Matthew Carlson, Ph.D.
Associate Professor, Penn State
Department of Spanish, Italian, and Portuguese

Matthew Carlson’s goals in this talk are twofold. The first is quite straightforwardly to remind us that the perception of L2 speech sound categories per se probably contributes little to the difficulties faced by learners in expressing themselves or understanding others in the L2. For example, difficulty distinguishing minimal pairs is unlikely to surface outside of laboratory experiments using isolated words, either for the L2 listener or for their interlocutors. Where real impacts do occur, these seem more likely to stem from speed of lexical and morphosyntactic processing, lexical knowledge, or social attitudes surrounding accentedness and nativeness.
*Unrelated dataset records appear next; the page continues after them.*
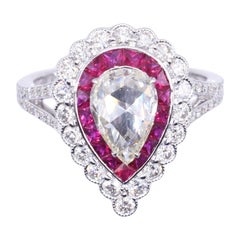 18 Karat Weißgold 1,17 Karat Diamant & Rubin target-Ring
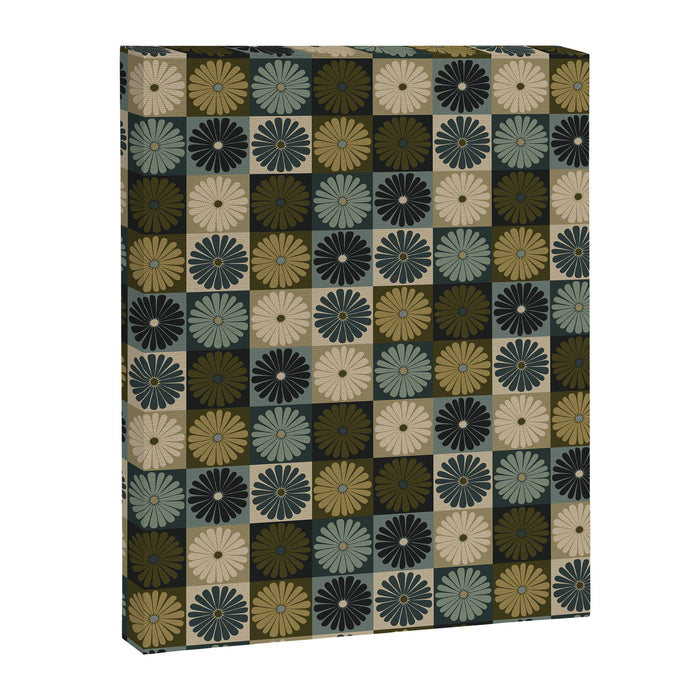 Retro Flowers Check Pattern V Canvas Print Gallery Image 1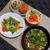 ココナッツオイル入りラー油♪♪　　香味野菜たっぷりアサリ葛きり麺！！　生ハム春巻きサラダ！！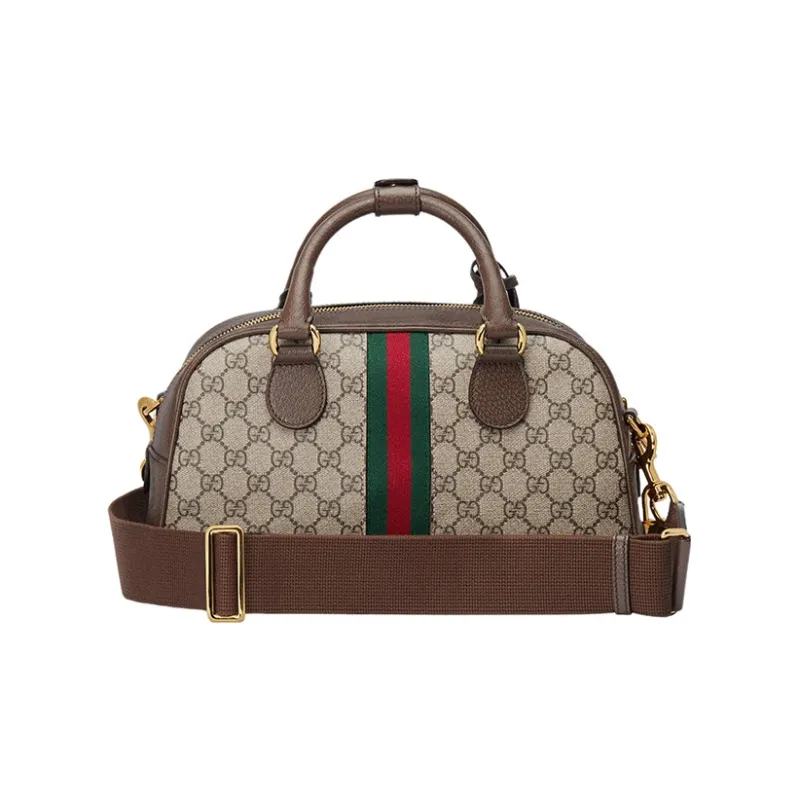 GUCCI Ophidia Canvas With Leather Trim Shoulder Bag, Crossbody Bag, Handbag Medium Size Women's Brown-3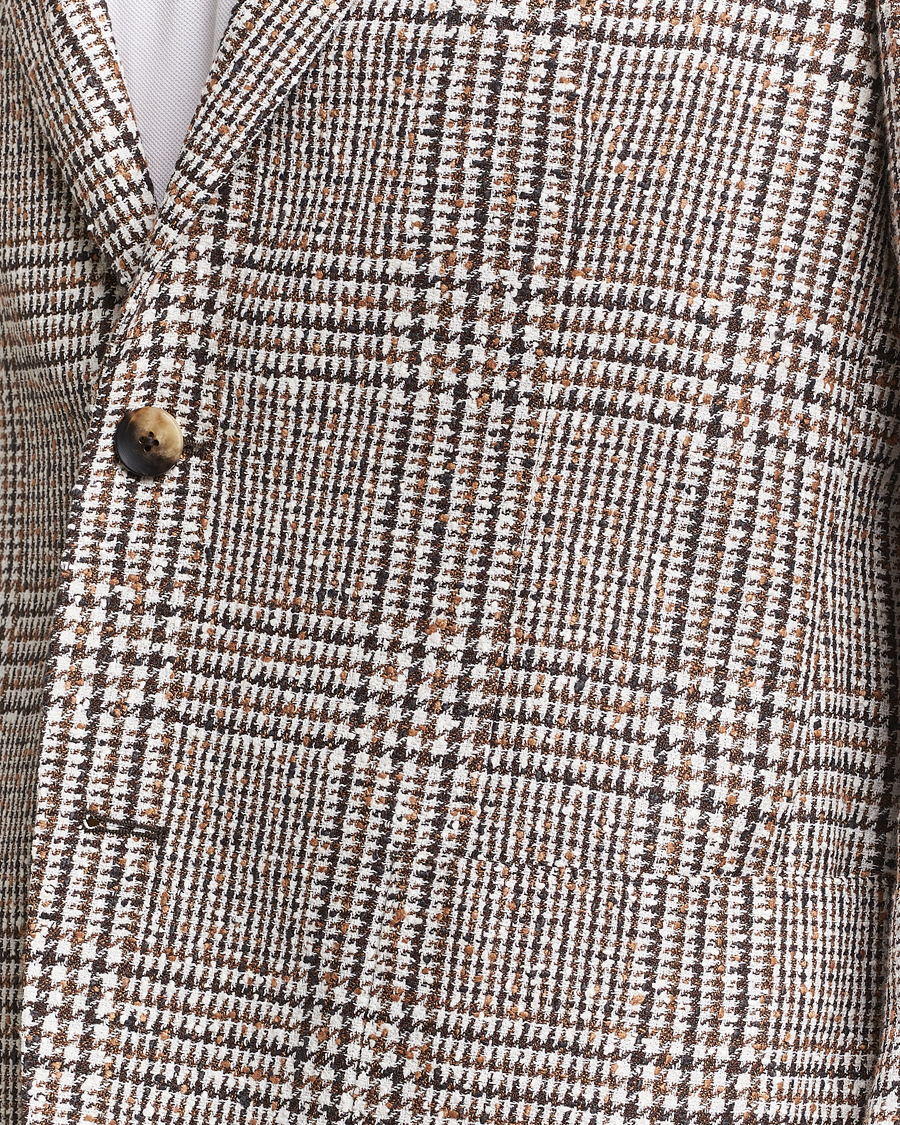 Men | Blazers | Lardini | Checked Linen Blazer Brown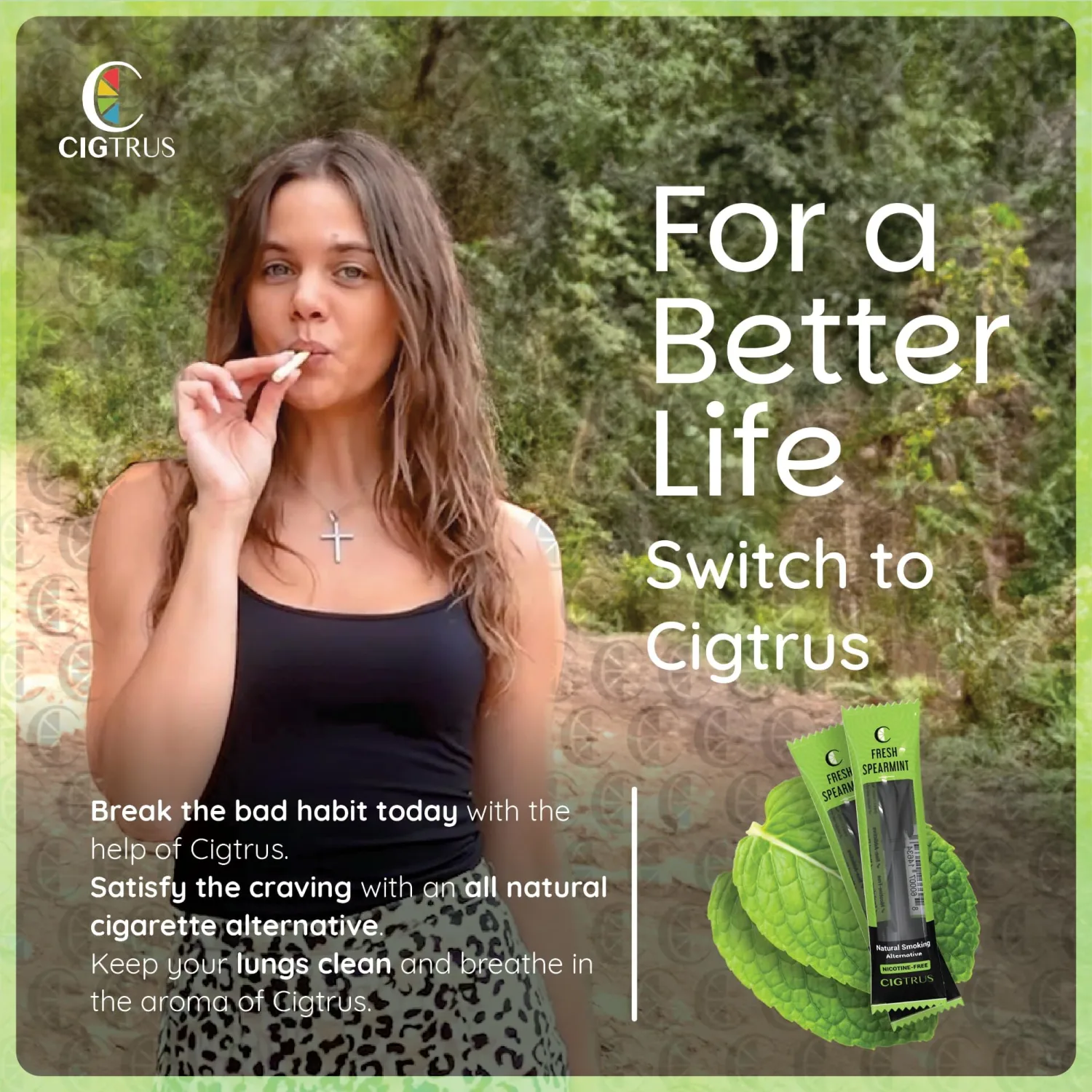 Cigtrus Natural Nicotine-Free, Tobacco-Free Smoking Alternative, Non-Electric Craving Relief, Quit Smoking Aid with Cigtrus (Fresh Spearmint) - 3 Piece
His second goal is to shift our focus from the sources of (supposed) difficulty onto what L2 users actually learn, and thereby to seek new insight into the nature of phonetic category structure in general. Here I will focus on L2 speech perception. The logic begins by acknowledging humans’ exquisite sensitivity to acoustic detail, which persists throughout life, not least in our ability to learn new sociophonetic variation, recognize the speech of specific individuals, and so forth. Where experience with multiple languages shapes learning therefore has little to do with sensitivity to detail, but rather it concerns what listeners do with acoustic detail. He will present a series of perception experiments that draw our attention to experience-dependent differences in how listeners represent acoustic detail at various levels of abstraction, but he will then argue that it is more useful to consider these abstract representations not as an inventory of phonetic categories or phonemes, but as a repertoire of possible paths that processing might take after hearing some speech. Under this view, phonetic and phonological categories do not resemble objects so much as they do crossroads, which can be reached from multiple directions, and from which certain other crossroads might be accessed.